[jira] [Comment Edited] (FLINK-24578) Unexpected erratic load shape for channel skew load profile and ~10% performance loss with enabled debloating

Piotr Nowojski (Jira) Wed, 13 Apr 2022 01:29:05 -0700


    [ 
https://issues.apache.org/jira/browse/FLINK-24578?page=com.atlassian.jira.plugin.system.issuetabpanels:comment-tabpanel&focusedCommentId=17521539#comment-17521539
 ]


Piotr Nowojski edited comment on FLINK-24578 at 4/13/22 8:28 AM:
-----------------------------------------------------------------

I've spent a couple of days thinking about this problem, while running a simple 
benchmark with artificial data source, 5 keyBy's, without any data skew, and 
those are my thoughts:

A plausible explanation behind this ~10% performance drop when enabling buffer 
debloating.
Couple of facts:
# With buffer debloating ("w bd") , randomly, some throttling sink subtasks are 
idling and wasting cycles (slow subtasks), while others are 100% busy (fast 
subtasks), which happens less frequently without buffer debloating ("w/o bd")
# slow subtasks and fast subtasks stay in that state for the duration of 
running job.
# There is a correlation on some metrics between slow and fast subtasks.
a) Slow subtasks have slightly higher numRecordsIn - it stays a couple tens of 
thousands ahead of the faster subtasks. The difference between slow and fast 
subtasks in numRecordsIn stays more or less constant for the whole job running 
duration.
b) Slow subtasks have fewer input enqueued buffers/buffers in use, for example 
~40, vs ~160 for fast subtasks
c) slow subtasks have 80-140ms idle time, fast have most of the time 0ms idle 
time
d) debloated buffer size for slow subatsks is 32kB, while fast subtasks have 
~6kB (as a result of very similar throughput, but different buffersInUse count)
e) slow subtasks have quite small value of inputQueueSize metric, almost zero, 
so the input buffers are almost/mostly empty

What I think is happening is as follows:
* during startup, some subtasks are starting up a bit sooner then others. If we 
limit our selfs to parallelism 2, until both sink subtasks are running, the job 
will be fully backpressured. Once first sink boots up, it will consume all of 
the buffered in-flight data addressed to it, however job will be still fully 
backpressured, because upstream subtasks will be backpressured on the 
channels/subpartitions that are waiting for the second sink to boot up
* this I think is causing this initial differentiation between slow and fast 
subtasks. “slow” are those that actually boot up first, “fast” are those that 
boot up last. “slow” subtasks will be slightly ahead of “fast” subtasks in the 
consumption of records, hence the difference in “numRecordsIn” metric.
once “fast” subtasks finally boot up, they have tons of buffered in-flight data 
to consume on all input channels, while “slow” subtasks have mostly empty input 
buffers. This results in buffer debloating mechanism to assign larger desired 
buffer sizes for “slow” subtasks, while “fast” will have smaller buffer sizes.
* this state is stable and is perpetually kept, because now look at the 
upstream subtasks. It is still backpressured on those subpartitions leading to 
“fast” sinks. Sinks are perpetuating this state, because those subpartitions on 
which upstream subtasks are backpressured will be forced to limit their buffer 
size, while non backpressured subpartitions will be granted even larger buffer 
sizes, basically that subpartitions with larger buffer sizes will not be 
backpressured ever.

However all in all, I think this is not The Problem.

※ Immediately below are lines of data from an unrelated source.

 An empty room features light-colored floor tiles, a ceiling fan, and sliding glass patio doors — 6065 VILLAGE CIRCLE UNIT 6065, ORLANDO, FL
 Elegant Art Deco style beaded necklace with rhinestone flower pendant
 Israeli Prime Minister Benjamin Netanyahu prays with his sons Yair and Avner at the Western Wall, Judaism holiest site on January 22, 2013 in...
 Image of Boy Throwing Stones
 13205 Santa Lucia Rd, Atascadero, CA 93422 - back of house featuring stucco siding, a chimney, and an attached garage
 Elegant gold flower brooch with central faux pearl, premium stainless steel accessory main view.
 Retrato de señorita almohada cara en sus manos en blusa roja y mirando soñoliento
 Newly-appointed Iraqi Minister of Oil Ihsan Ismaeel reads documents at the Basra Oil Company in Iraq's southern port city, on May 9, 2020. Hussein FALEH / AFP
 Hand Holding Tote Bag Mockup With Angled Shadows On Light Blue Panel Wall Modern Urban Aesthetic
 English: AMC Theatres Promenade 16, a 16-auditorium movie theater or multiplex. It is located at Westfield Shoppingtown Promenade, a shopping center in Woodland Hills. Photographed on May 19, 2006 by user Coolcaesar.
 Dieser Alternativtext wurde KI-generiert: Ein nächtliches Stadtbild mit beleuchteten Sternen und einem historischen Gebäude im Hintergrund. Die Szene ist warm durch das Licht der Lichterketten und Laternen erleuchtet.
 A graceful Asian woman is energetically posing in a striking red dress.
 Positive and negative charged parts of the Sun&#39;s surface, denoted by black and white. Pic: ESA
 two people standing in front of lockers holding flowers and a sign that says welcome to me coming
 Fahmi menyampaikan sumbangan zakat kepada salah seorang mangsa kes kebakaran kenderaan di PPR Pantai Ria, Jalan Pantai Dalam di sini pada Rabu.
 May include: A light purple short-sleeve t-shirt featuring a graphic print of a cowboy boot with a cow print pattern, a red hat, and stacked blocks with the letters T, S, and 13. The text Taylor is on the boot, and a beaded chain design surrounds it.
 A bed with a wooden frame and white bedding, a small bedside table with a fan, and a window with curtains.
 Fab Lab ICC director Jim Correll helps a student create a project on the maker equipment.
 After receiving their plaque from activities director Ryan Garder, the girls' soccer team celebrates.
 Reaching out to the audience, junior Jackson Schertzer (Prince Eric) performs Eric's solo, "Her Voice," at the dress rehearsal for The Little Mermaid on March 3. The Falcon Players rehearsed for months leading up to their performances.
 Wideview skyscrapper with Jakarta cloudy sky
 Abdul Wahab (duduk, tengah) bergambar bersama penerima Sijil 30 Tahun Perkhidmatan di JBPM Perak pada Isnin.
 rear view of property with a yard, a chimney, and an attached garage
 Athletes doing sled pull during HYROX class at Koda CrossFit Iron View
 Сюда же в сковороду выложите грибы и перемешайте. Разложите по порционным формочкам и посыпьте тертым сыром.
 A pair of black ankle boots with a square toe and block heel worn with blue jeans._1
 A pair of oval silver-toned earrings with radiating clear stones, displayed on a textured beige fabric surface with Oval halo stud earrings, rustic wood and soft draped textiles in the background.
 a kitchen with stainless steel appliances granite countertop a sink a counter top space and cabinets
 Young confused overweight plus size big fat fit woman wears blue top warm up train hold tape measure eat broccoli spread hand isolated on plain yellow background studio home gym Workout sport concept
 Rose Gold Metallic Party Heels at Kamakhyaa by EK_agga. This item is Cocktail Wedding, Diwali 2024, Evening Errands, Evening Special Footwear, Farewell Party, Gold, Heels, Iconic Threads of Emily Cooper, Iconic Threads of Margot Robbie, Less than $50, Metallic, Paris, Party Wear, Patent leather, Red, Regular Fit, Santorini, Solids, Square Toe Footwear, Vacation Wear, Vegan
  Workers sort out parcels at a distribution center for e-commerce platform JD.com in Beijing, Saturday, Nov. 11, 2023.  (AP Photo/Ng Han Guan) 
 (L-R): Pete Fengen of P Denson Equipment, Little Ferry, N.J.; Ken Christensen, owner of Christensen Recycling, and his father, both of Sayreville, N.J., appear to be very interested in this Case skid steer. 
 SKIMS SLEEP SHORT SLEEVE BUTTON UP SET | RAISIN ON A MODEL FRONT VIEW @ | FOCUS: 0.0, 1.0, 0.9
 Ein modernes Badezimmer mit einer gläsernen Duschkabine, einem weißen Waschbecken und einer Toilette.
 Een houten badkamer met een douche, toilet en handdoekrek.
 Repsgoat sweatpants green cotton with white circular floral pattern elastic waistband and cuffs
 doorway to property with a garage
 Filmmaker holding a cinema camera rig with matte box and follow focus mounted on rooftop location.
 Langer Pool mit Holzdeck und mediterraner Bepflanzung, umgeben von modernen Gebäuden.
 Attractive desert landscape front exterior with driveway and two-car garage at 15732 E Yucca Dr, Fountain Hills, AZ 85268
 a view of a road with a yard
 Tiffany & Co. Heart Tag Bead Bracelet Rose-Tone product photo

Now think about a scenario where we have perfect records distribution. I think 
we would  end up in a state, that all subpartitions are consuming records 
equally quickly, have exactly the same numRecordsInRate, but “slow” subtasks 
are slightly ahead of “fast” subtasks. Since slow subpartitions have smaller 
buffer sizes, they can fit fewer records, they will be always causing the 
backpressure. But with perfect records distribution I think this wouldn’t 
result with wasted resources on the downstream nodes.

The Problem happens I think because of some slight random intermittent 
hiccups/data skews. If anything like that happens for the “slow”/“large” 
subpartitions, it’s unlikely that it affects the job as a whole, since upstream 
subtasks have some available space in the “slow” subpartitions to smooth out 
those hiccups/skews (remember “slow” subpartitions end up with larger buffer 
sizes). However if hiccup/data skew happens for a brief moment on the “fast” 
subtask, this will result in backpressuring and stalling upstreaming subtask, 
which in turns cause a stall and idle time on the “fast” sinks, since they 
don’t have much (if any) buffered data to smooth out the hiccups.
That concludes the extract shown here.